In the following article, we’ll be taking a closer look at how inflation affects investors as well as how cryptocurrency measures up as a hedge against it. We’ll also put forward some suggestions for tokens we think are good options if you do decide to use crypto to try and beat inflation. 

 

What Is Inflation?

Before we delve into cryptocurrency investment options to hedge against inflation, we should probably take a moment to look at exactly what inflation is. In the simplest sense, inflation is when the prices of goods rise, essentially rendering cash less valuable in terms of buying power. It is usually expressed as a percentage.

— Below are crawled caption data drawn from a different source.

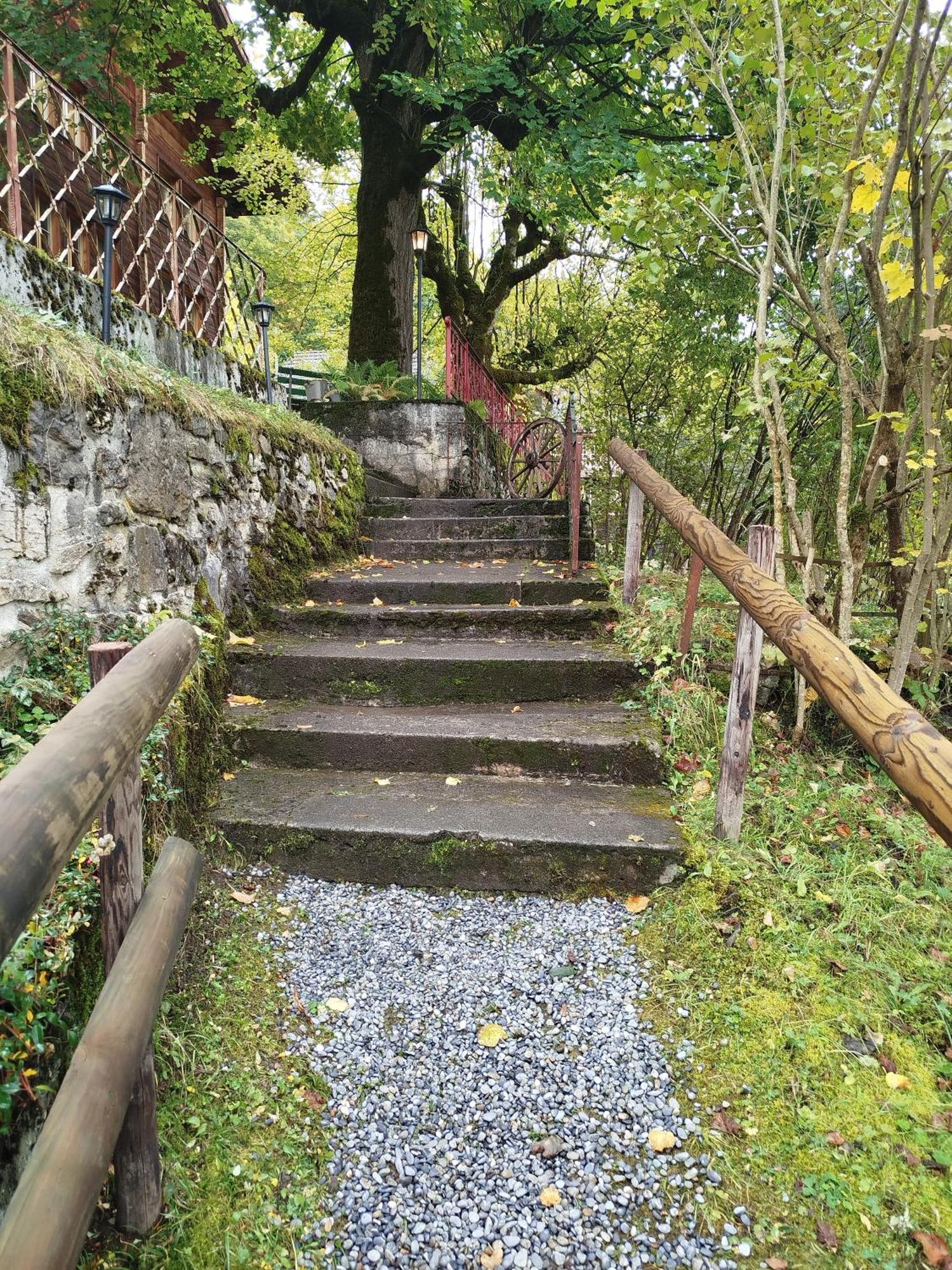 Sonnenhof Wengen - First Hotel Of Βένγκεν Εξωτερικό φωτογραφία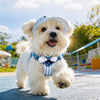 Nylon Dog Harness and Leash for Small Dogs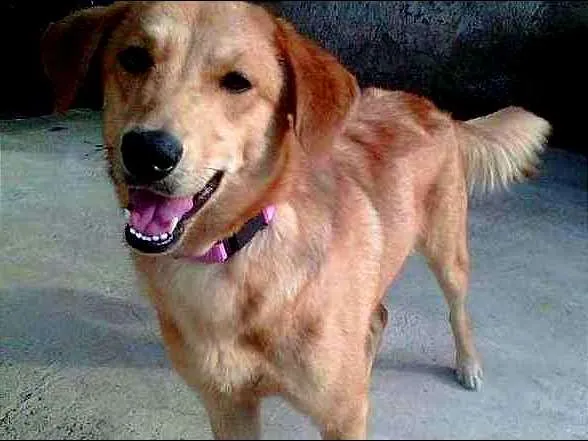 Cachorro ra a NÃO DEFINIDA idade 2 anos nome JÚLIE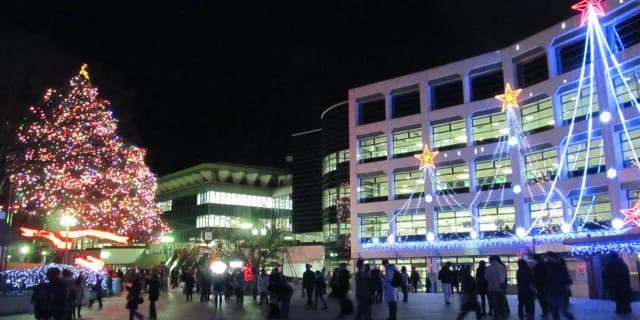 冬の風物詩、中山競馬場イルミネーション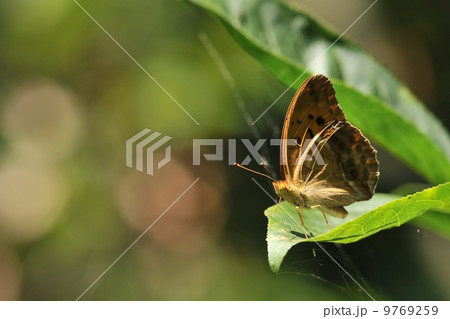メスグロヒョウモン♂ 9769259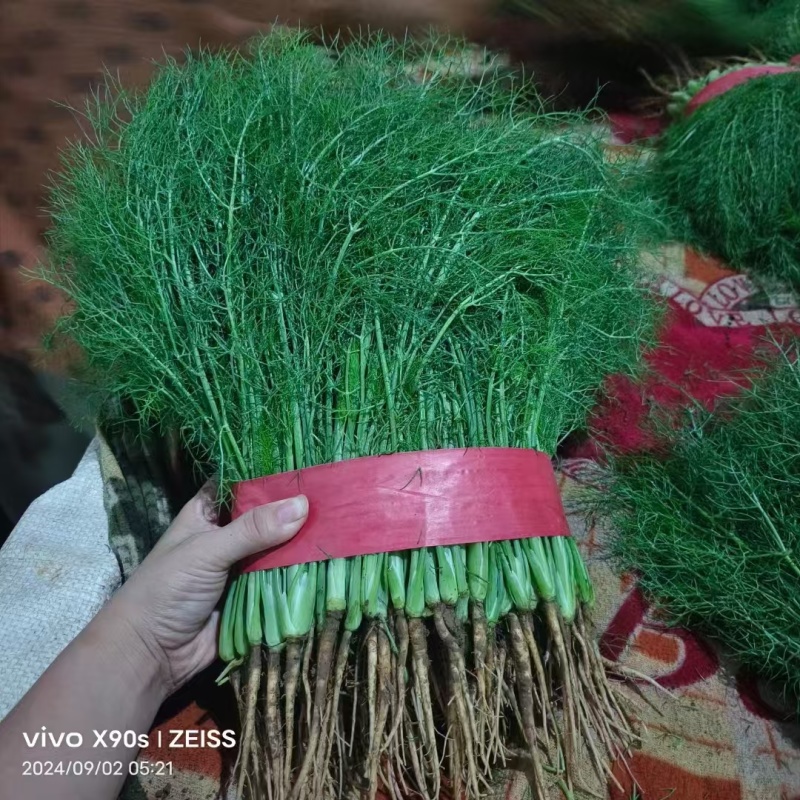 【推荐】河北茴香精品货源产地一手货源可视频看货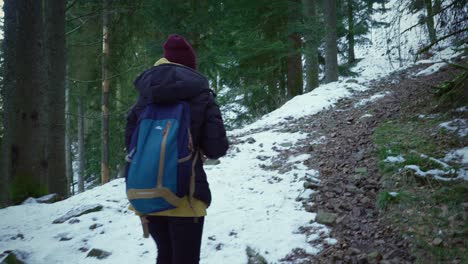 Female-hiker,-hiking-up-snowy-pine-forest-mountain-with-backpack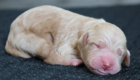 ms.peach mila hendrix aug26 newborn2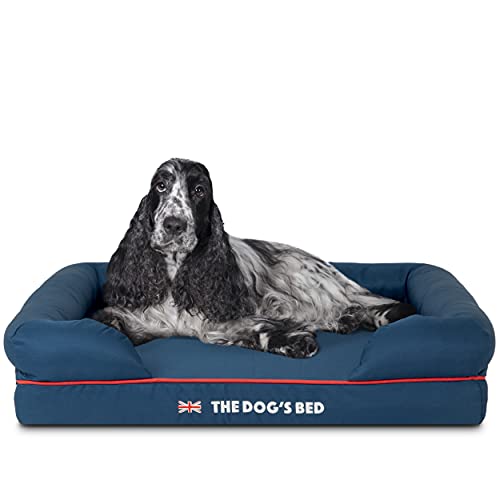 The Dog's Bed Orthopädisches Hundebett, Premium-Memory-Schaum, S-XXL, wasserdicht, Schmerzlinderung bei Arthritis, Hüft- und Ellenbogendysplasie, nach Operationen, beruhigendes Bett, waschbarer Bezug von The Dog's Balls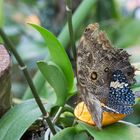 Schmetterlinge im Maximilian-Park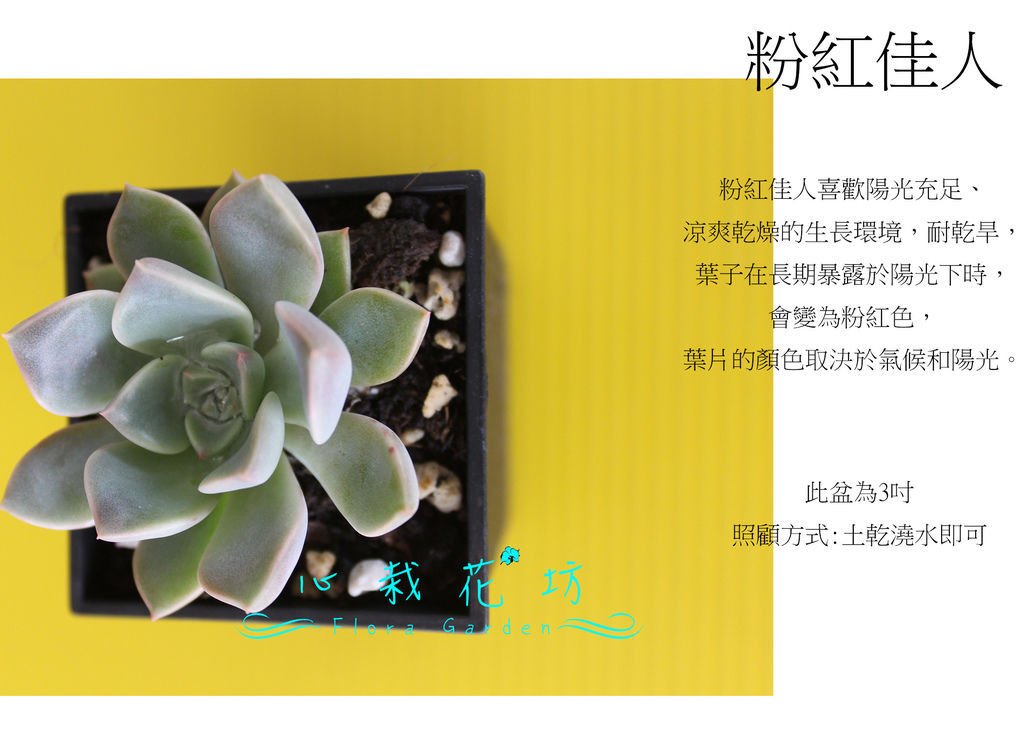 粉紅佳人.jpg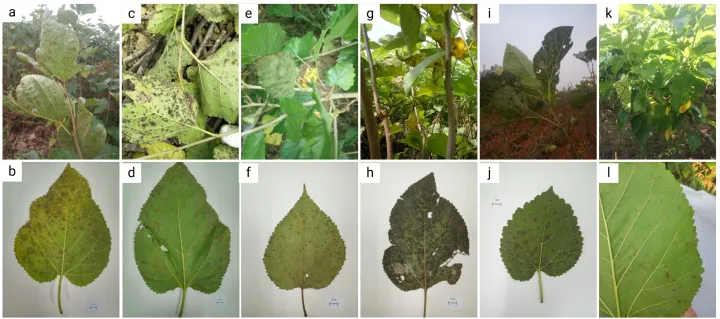 Mulberry leaf spot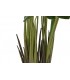 Planta Lirio PE de agua verde 50x50x100 cm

To give a simple example of how inflation affects things, imagine you spend $10 a week buying bottles of cola at $1 each. At this price, you can buy ten bottles. However, if the price of cola increases to $1.25, then suddenly your $10 will only buy you eight bottles. This means the purchase power of your dollar has fallen. Of course, 25% inflation would be pretty significant - not to mention alarming - but you get the idea.

How is Inflation Measured?

Inflation does not affect just one product or service at a time so in order to measure it over time, bodies like the UK’s Office for National Statistics must track the prices of a diverse range, or ‘basket’, of items to give an overall figure for inflation.

In the UK, this ‘basket’ is comprised of over 700 items and services, including energy and food prices, as well as more significant items like automobiles and even holidays. The selected items act as a sample to give us a picture of how much prices are increasing (or decreasing) overall. 

Why is Inflation a problem?

Economists generally believe that some inflation is a good thing, as it means that a country’s production remains high. If inflation is too low, or non-existent, then it has been suggested that this would lead to less demand for goods and a reduction in lending and borrowing, which in turn would reduce consumer spending.

The Bank of England sets a target inflation rate of 2%. However, at the time of writing, that figure stood at over 10%, with analysts expecting it to increase further. This is not great for consumers, who must now pay more for goods. But what about investors?

Investors obviously need their investments to outperform inflation to make decent returns. This puts pressure on their portfolio and asset choices. It also affects asset prices, as many investors and traders will look to offload lower-earning assets, which will force their prices lower.  

Cryptocurrency and Inflation

When it comes to cryptocurrencies, things are different - though inflation is still a factor. In fact, most tokens will have an inflationary or deflationary mechanism embedded in their code. For example, Bitcoin has a limited token supply of 21 million and the number of tokens being released into the system is halved at regular intervals. 

This mechanism serves to control Bitcoin inflation, as its scarcity increases over time, meaning that, in theory, its value and buying power, actually increase over time. Other tokens, however, have different approaches. 

trade cryptocurrencies

Crypto asset investing is highly volatile and unregulated in some EU countries. No consumer protection. Tax on profits may apply.

Is Cryptocurrency A Safe Haven Investment?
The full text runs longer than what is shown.